The Power of Om
On a spring day in 2001, a man in flowing crimson robes and open-toe sandals arrived at the Waisman Center to have his head examined. Matthieu Ricard, a French-born Buddhist monk, was escorted to a computer station, where he was fitted with a net-like cap of electrodes that recorded his brain activity as he looked at various images flashing on the screen. He was then led down the hall, where he reclined on the bed of an MRI scanner and, within minutes, began meditating.
During the past two years, several monks have followed, traveling from India and Tibet to complete batteries of tests at UW-Madison's W.M. Keck Laboratory for Functional Brain Imaging and Behavior, where they are taking part in an extraordinary venture to understand the potential of the mind. Forged jointly by UW Professor Richard Davidson and Tenzin Gyatso, the Dalai Lama of Tibet, the study is one of the first intensive examinations of the long-term effects of meditation, which some scientists believe can reshape the brain in positive ways.

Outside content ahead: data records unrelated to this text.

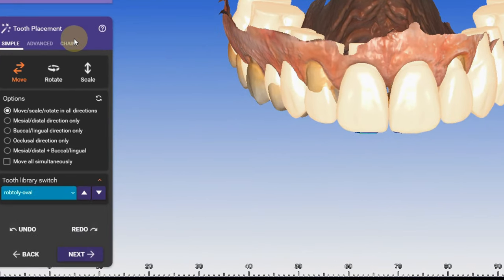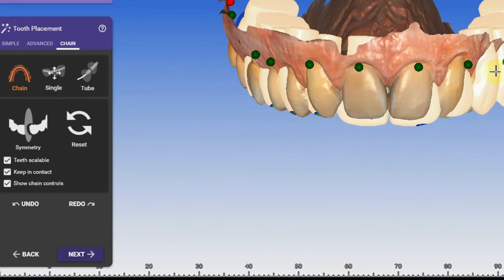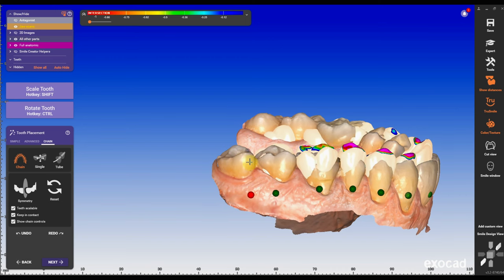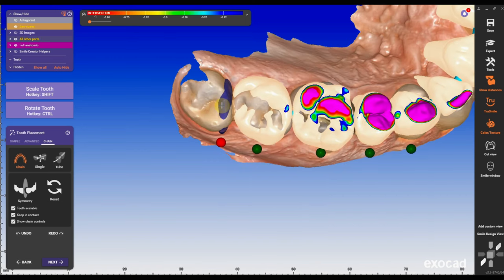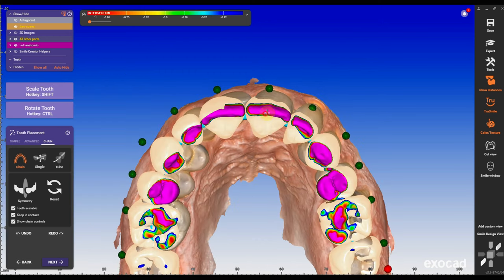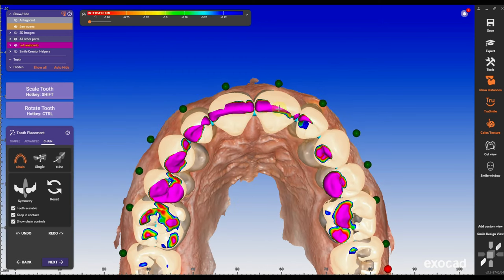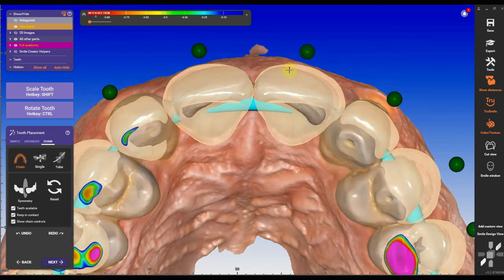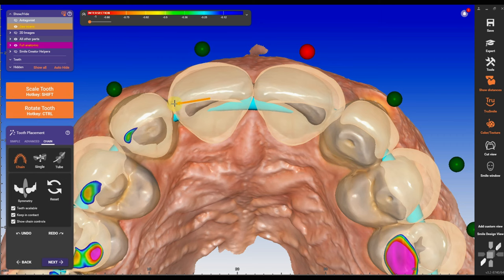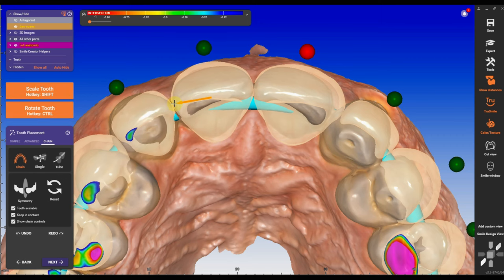Chain mode is probably my favorite tool in XOK. I can position full arch cases very quickly. In this case, I'm gonna add the anteriors first and make them in the dimension of the anteriors I already have.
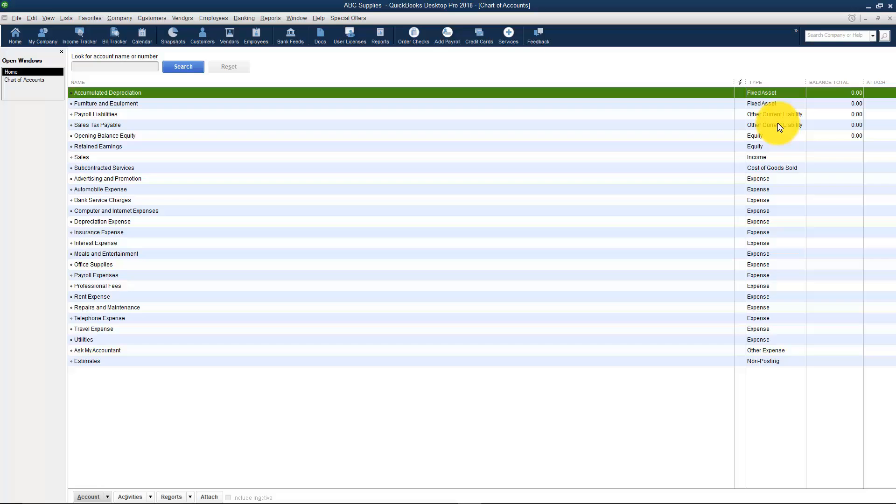Also if you use PayPal or if you accept Square or a lot of people are starting to accept Bitcoin now, all of those are bank accounts. You set them up like you would any bank account and if you need to move money for example out of PayPal into checking that's just a transfer. That's all that is. But those are bank accounts.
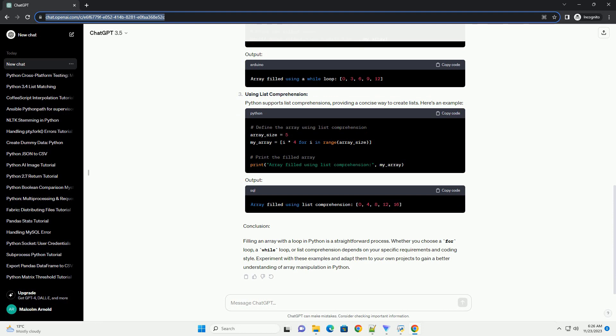Conclusion. Filling an array with a loop in Python is a straightforward process. Whether you choose a for loop, a while loop, or list comprehension depends on your specific requirements and coding style. Experiment with these examples and adapt them to your own projects to gain a better understanding of array manipulation in Python.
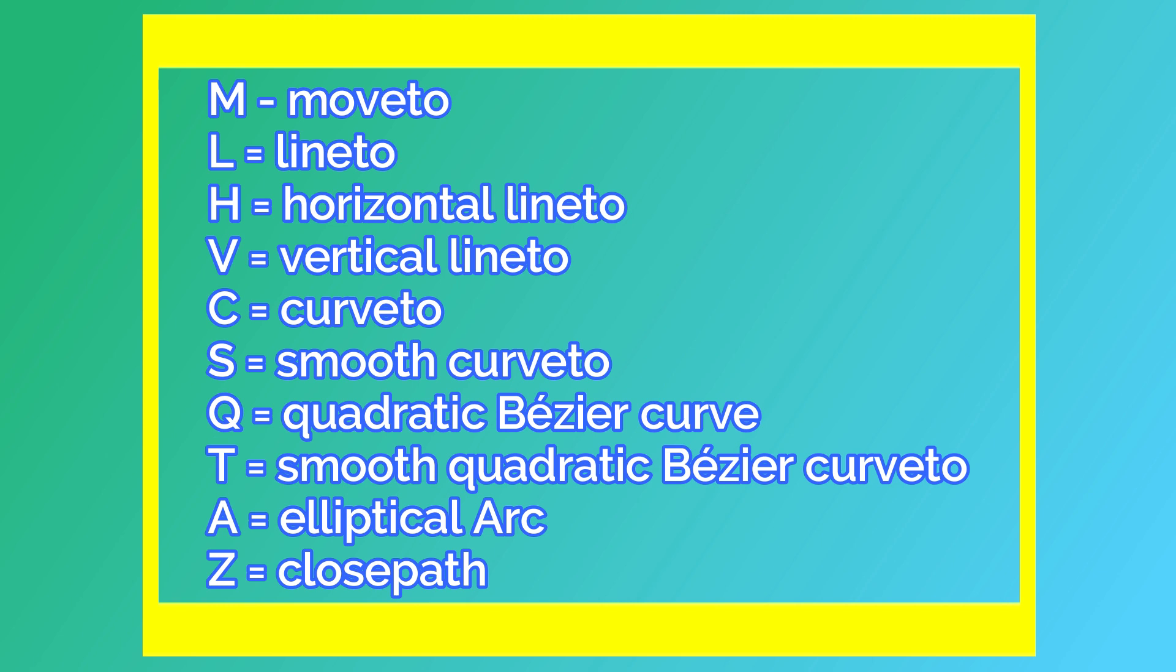S stands for smooth curve to. Q stands for quadratic bezier curve. T stands for smooth quadratic bezier curve to. A stands for elliptical arc. Z stands for close path. It closes the current shape by connecting to the last move to points.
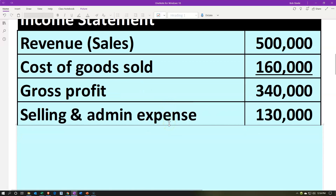Then we've got the selling and admin expenses — these are the other expenses. These are the two main expense groups: selling expenses and admin expenses. You might see two subcategories with accounts within those subcategories. Selling might include things like commission sales, the people that work in the sales office or the store. Admin expenses might include anything in the corporate office, any admin expenses, executive pay, and that kind of thing. So we're going to subtract that out.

This fall, Davidson, a professor of psychology and psychiatry and director of the Keck lab, leaked a few preliminary details about what his team has learned by examining these champion thinkers. One of the monks, the professor says, showed considerably higher levels of activity in the left prefrontal cortex, an area of the brain associated with positive emotions, than anyone else the lab has observed.